Ils s’appellent William Binney, Ed Loomis, Kirk Wiebe, Diane Roark ou Thomas Drake. Ils sont les premiers lanceurs d’alerte de l’histoire de la NSA. Pour les faire taire, le gouvernement américain a sorti la grosse artillerie. Au terme d’un exténuant bras de fer, il parviendra à les mettre à genoux. Mais l’histoire aura des conséquences insoupçonnées pour la NSA.

Quelques semaines seulement après les attaques du 11 septembre 2001, d’inquiétantes rumeurs commencent à circuler à l’intérieur de la NSA (Agence nationale de la sécurité, ndlr). Avec l’approbation de la Maison-Blanche, le plus secret des services secrets aurait violé la loi sur la sécurité intérieure qui interdit la surveillance de citoyens américains sans autorisation de la Justice (loi FISA). William Binney est un républicain bon teint. Son sang ne fait pourtant qu’un tour lorsqu’il apprend que l’administration Bush a lancé un vaste programme d’espionnage, Stellar Wind (Vent stellaire), visant ses concitoyens. Binney s’avère d’autant plus furieux qu’il est convaincu que ce système de surveillance utilise une version modifiée de ThinThread, un logiciel mis au point par lui-même, destiné à rationaliser les banques de données de l’Agence. Seul ce programme conçu par le «geek» en chef de la NSA et son équipe de 16 ingénieurs est en effet capable de cibler des dizaines de millions de personnes. «On avait mis au point des protections afin d’empêcher l’écoute de citoyens américains, il suffisait de les enlever pour cibler n’importe qui», reconnaît William Binney dans le New Yorker avant d’ajouter: «Alors que la surveillance électronique exigeait la formation d’opérateurs humains, l’extraction de données est désormais automatisée, ce qui signifie que le pays tout entier peut être surveillé. En théorie, les responsables américains pourraient espionner le Tea Party, des journalistes, n’importe quel groupe ou organisation.
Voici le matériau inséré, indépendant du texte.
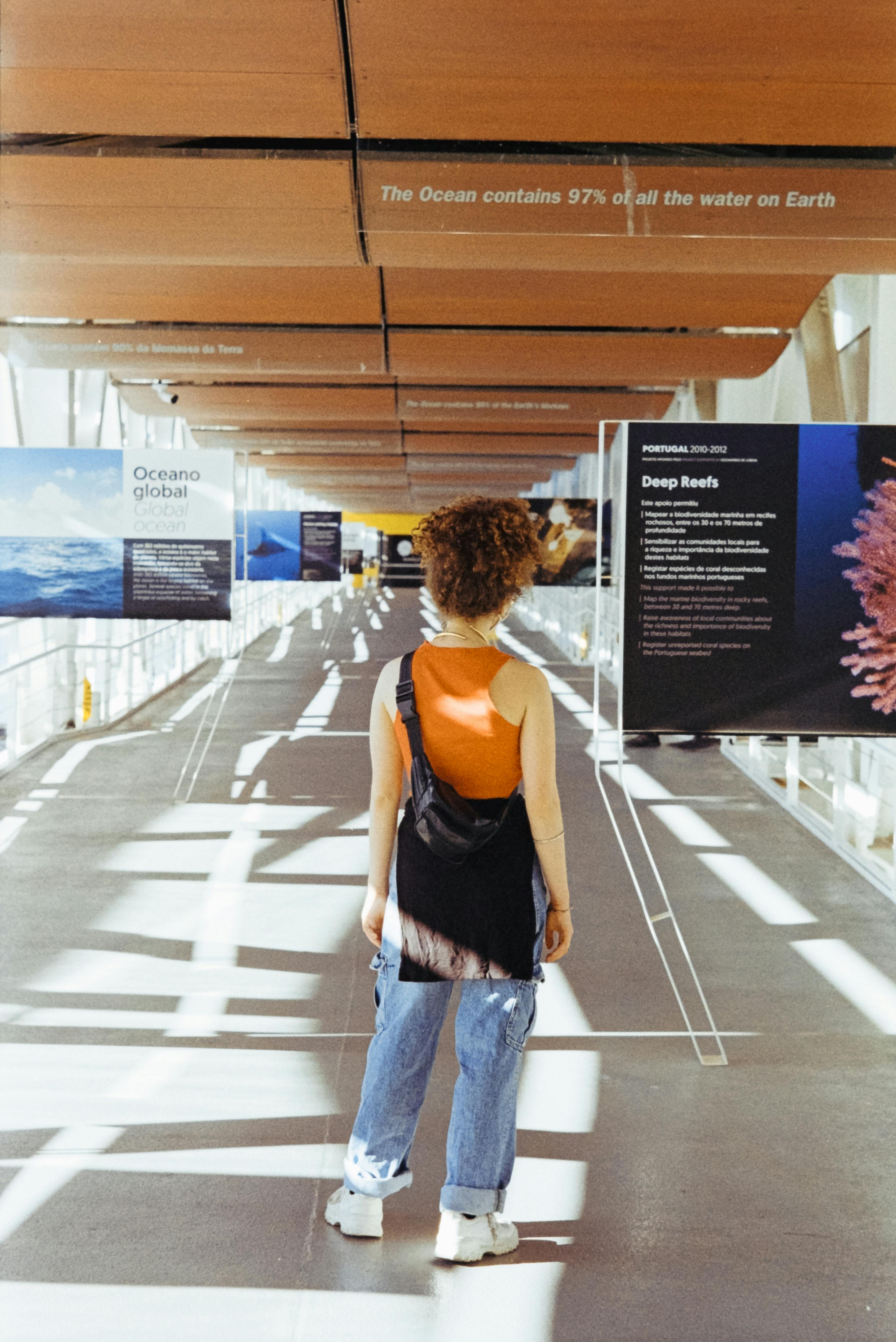 Back view of a woman exploring an exhibition on oceanography in Lisbon, Portugal.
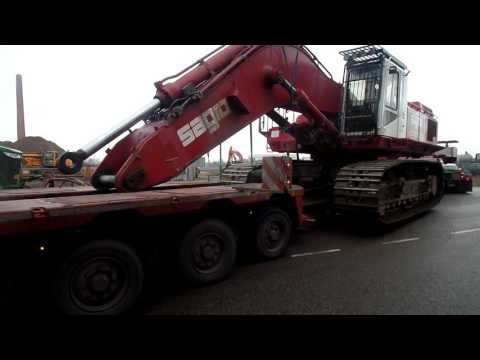 CATERPILLAR 375 ON TRANSPORT WITH MAN TGX 41.680 V8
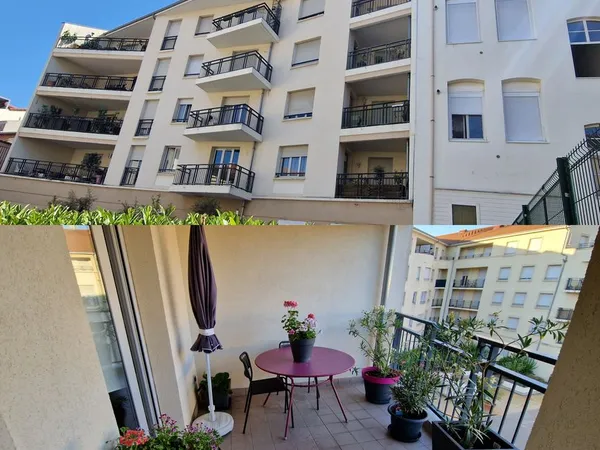 Appartement F4 87 m² avec terrasse, balcon et garage - Place Chavanelle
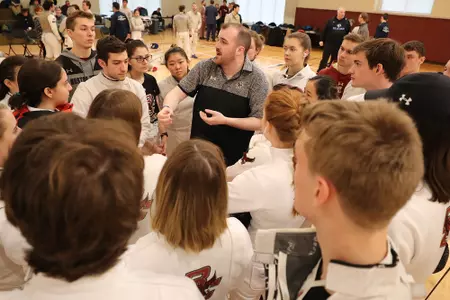 Fencing head coach Brendan Doris-Pierce huddles with the team.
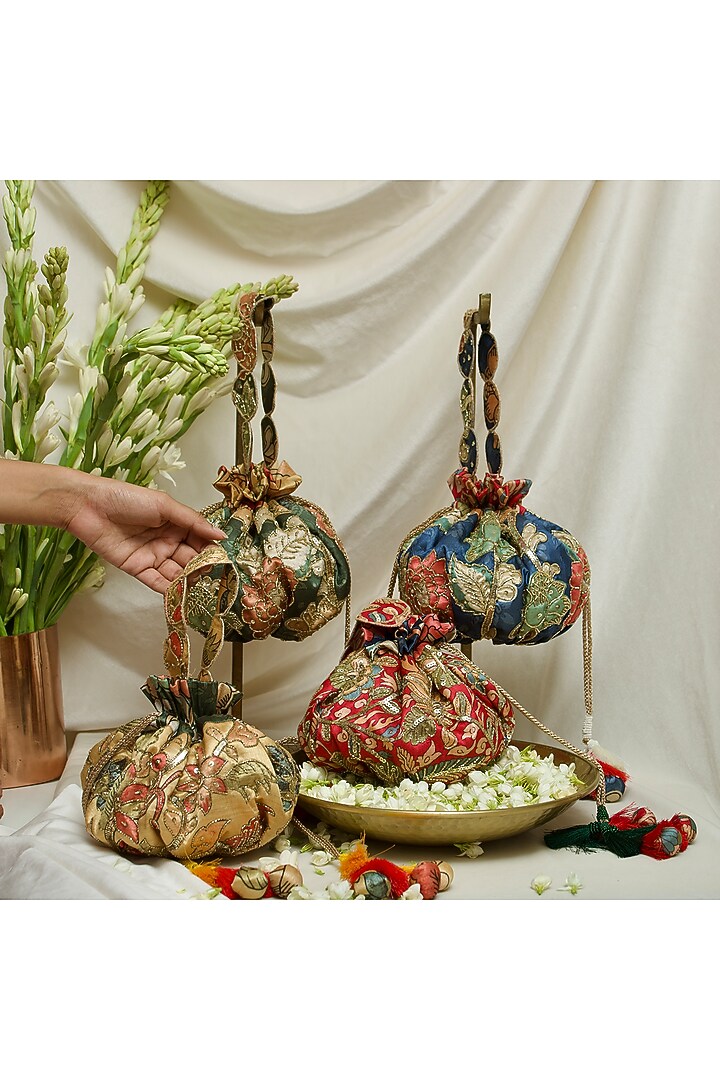 Green Fabric Printed & Hand Embroidered Potli by Ozel at Pernia's Pop Up Shop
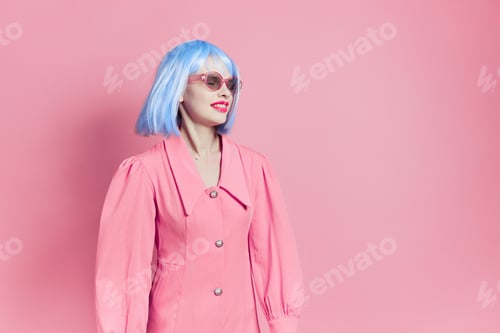 Preview: pretty woman in sunglasses wears a blue wig makeup pink background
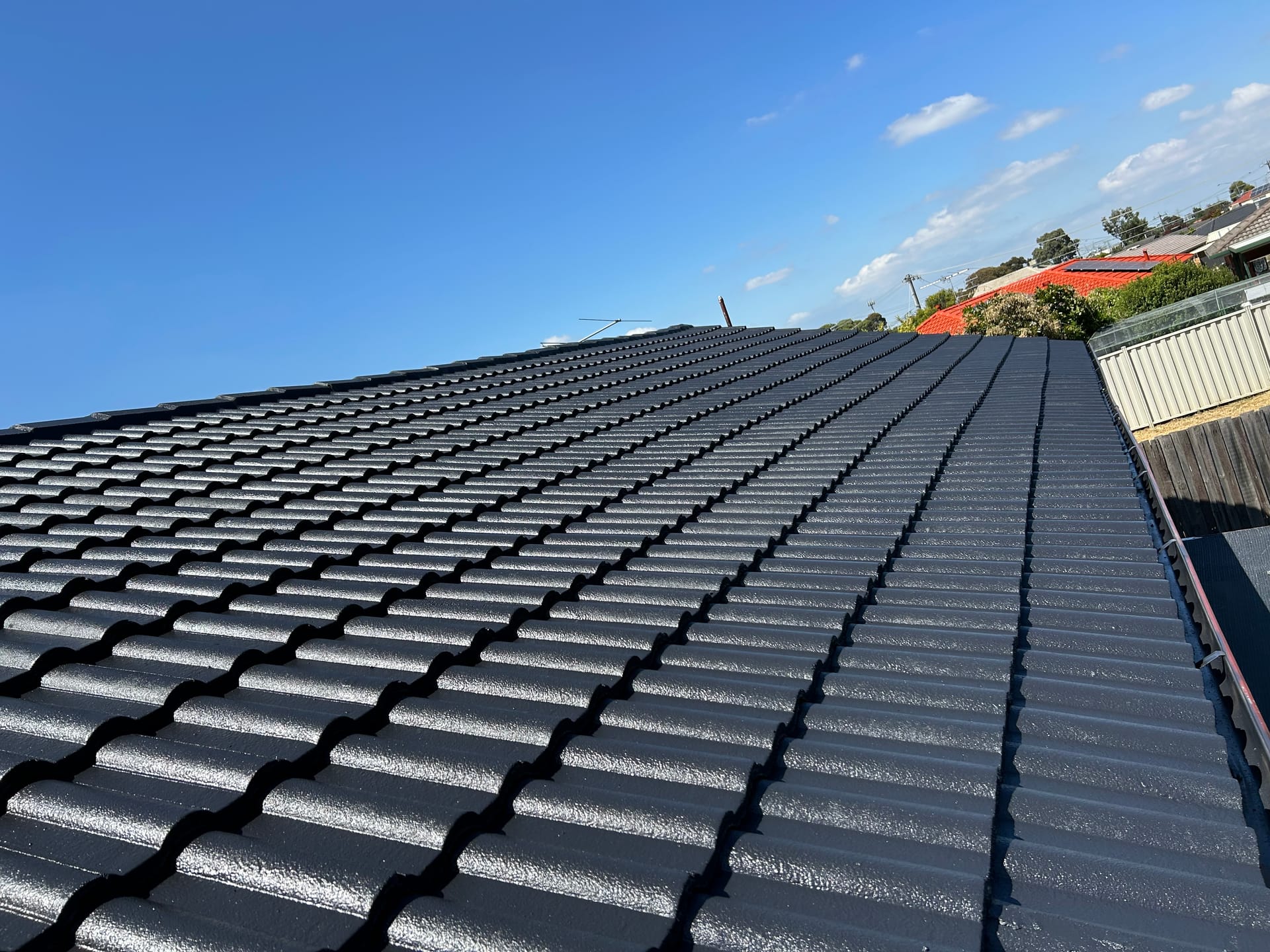 Glossy charcoal-coated tiled roof after colour restoration
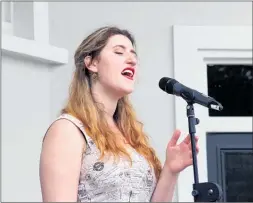  ?? Photo / Bethany Rolston ?? Former Te Awamutu College student Katie Trigg performs outside the Cambridge Town Hall on Sunday for the start of week-long commemorat­ions for the Armistice Day Centenary.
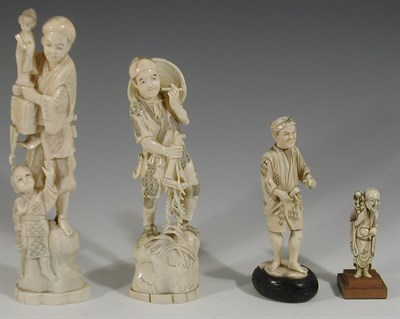 Lot 156 - A late 19th century Japanese carved ivory figure group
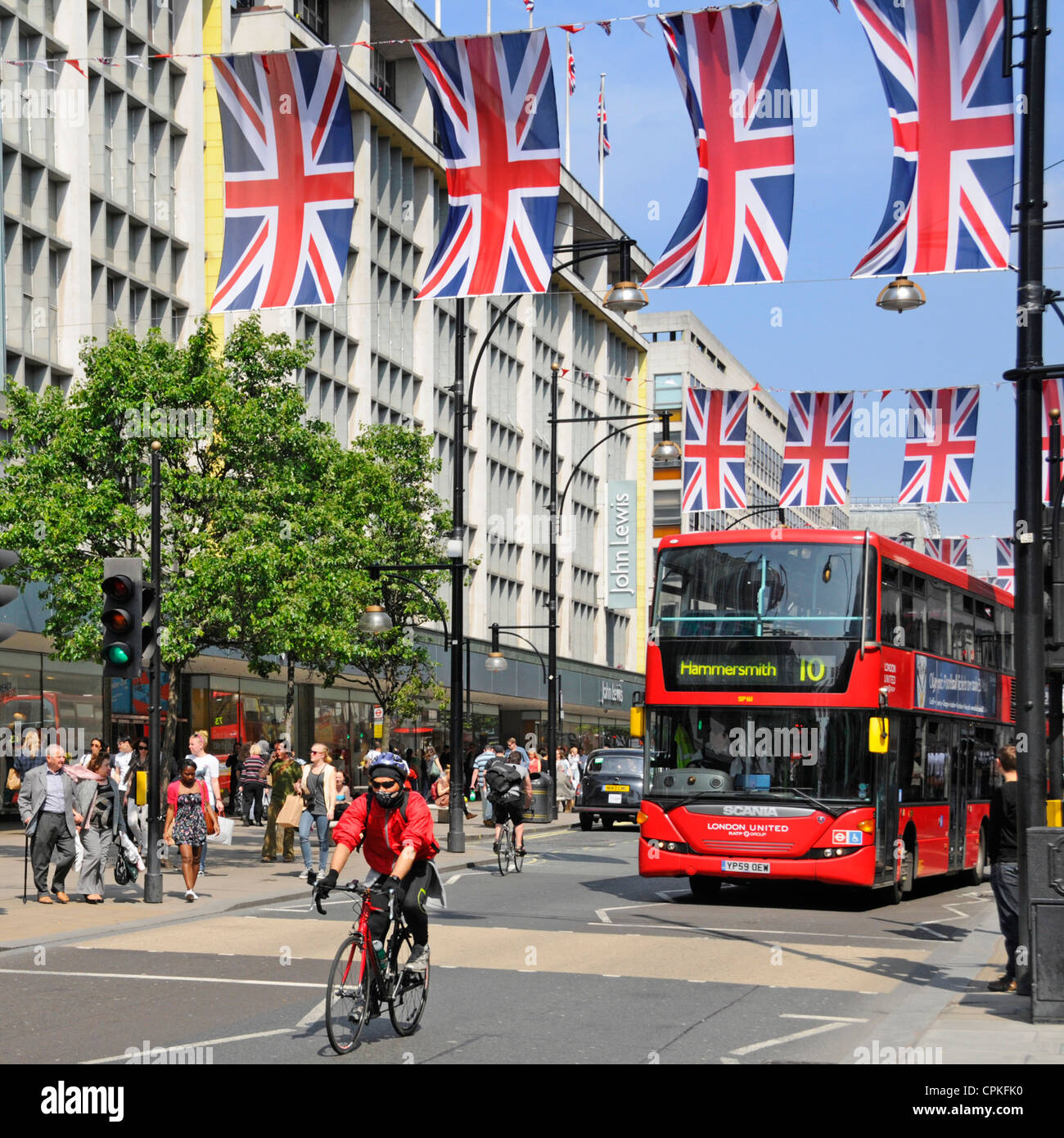 Roter Bus und Radfahrer tragen Mundschutz in der Oxford Street mit Jubilee Union Jacks, die auch während der Olympischen Spiele 2012 sein kann Stockfoto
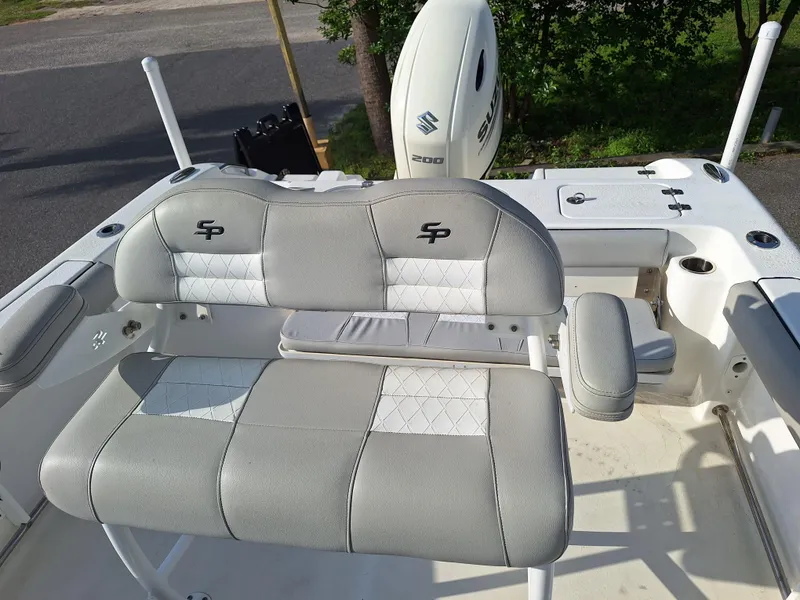 Slide: The Image of 2020 Sea Pro 219 Center Console boat with cushioned seating and Suzuki outboard motor. - 7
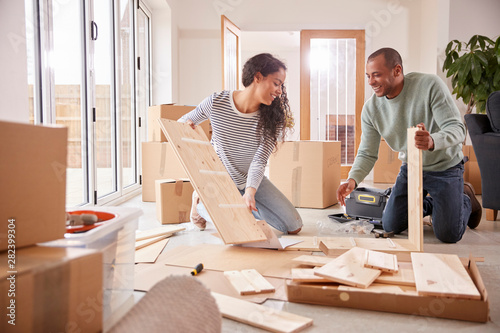 Couple In New Home On Moving Day Putting Together Self Assembly Furniture photo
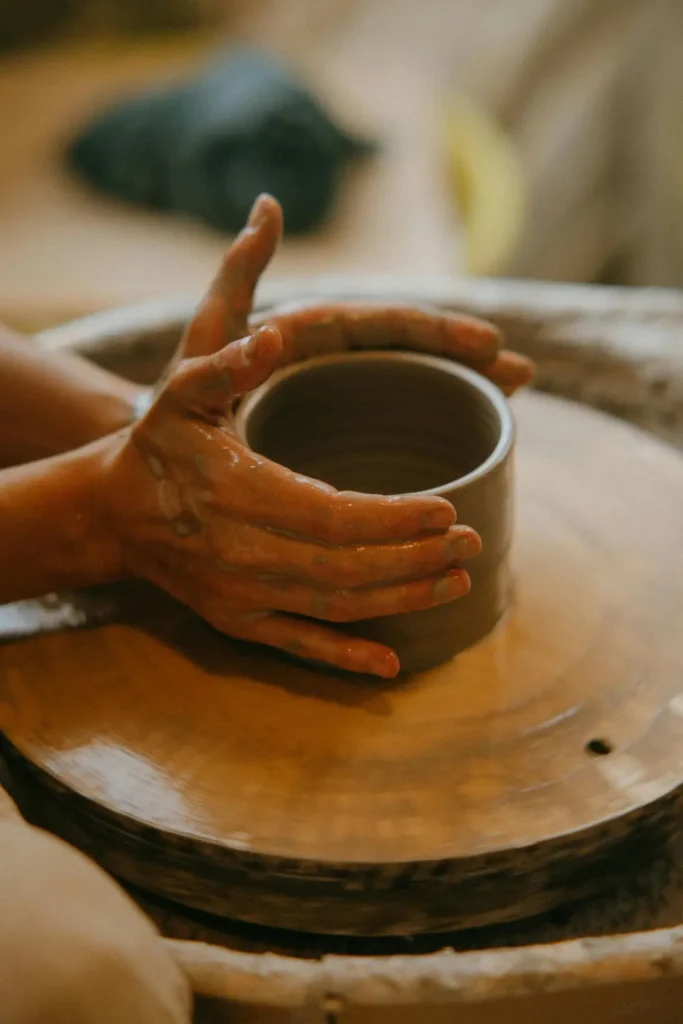 Melanie Tuck creating a cup on a pottery wheel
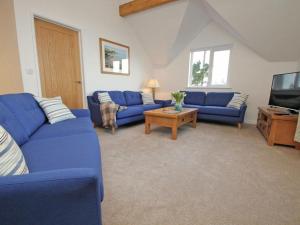 a living room with blue couches and a tv at Penhaven in Bude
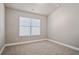 Bright bedroom with carpeted floors and a large window at 495 Paces Dr, Lithia Springs, GA 30122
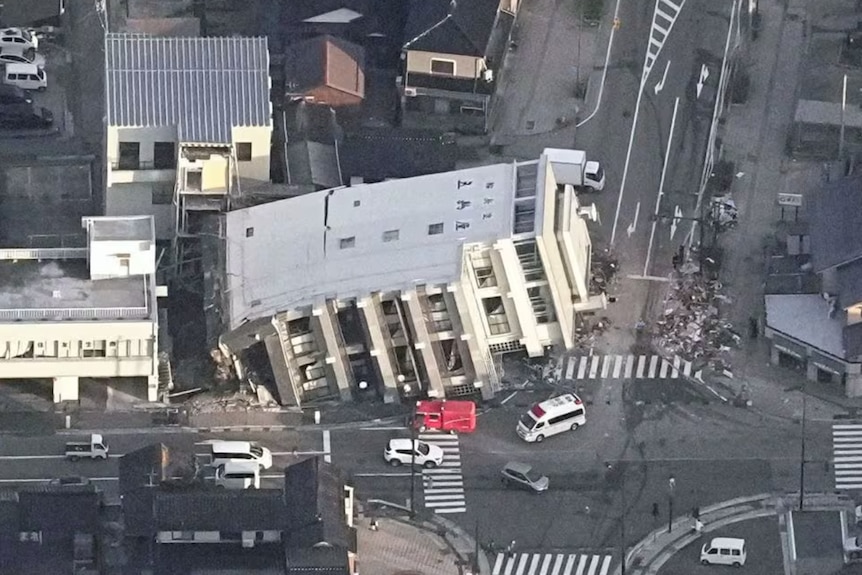 A collapsed building in the middle of a road with cars surrounding it 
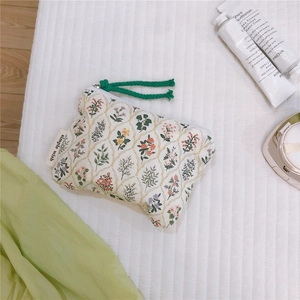 Macro shot of cotton floral coin purse with green zipper pull and simple wish label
Exactement ce que voulaient empêcher les “Pères fondateurs” de notre pays.»

A la suite du 11 septembre, Binney a reconsidéré sa décision de départ en retraite – question de patriotisme. Effondré par les révélations sur la nouvelle campagne de surveillance des Américains, il claque définitivement la porte de l’Agence avec deux autres de ses collègues, Kirk Wiebe et Ed Loomis. Avant son départ, il rencontre néanmoins son successeur, Thomas Drake, pour l’informer de ce qui se trame à l’intérieur. Depuis sa prise de fonction en date du 11 septembre 2001, Thomas Drake est témoin de «choses étranges» au sein de l’Agence: de l’équipement est déplacé, les agents chargés d’obtenir les mandats FISA de surveillance sont mutés sans explication, des équipes spéciales œuvrent dans le plus grand secret; des employés de l’Agence sont venus lui dire: «Nous sommes en train de surveiller notre propre pays». Pour Thomas Drake comme pour ses compatriotes, la surveillance massive des Américains est un crime odieux, «une violation du quatrième amendement de la Constitution américaine». Drake avait déjà été confronté à ce type de problème alors qu’il travaillait pour les services d’écoute de l’Armée américaine, dans les années 70: «Si on interceptait accidentellement des communications de citoyens américains, des procédures spéciales nous permettaient de purger les informations auxquelles nous n’avions pas le droit d’accéder. Ces procédures avaient été mises en place après le scandale du Watergate, afin d’empêcher que de nouveaux abus d’espionnage ne soient commis.»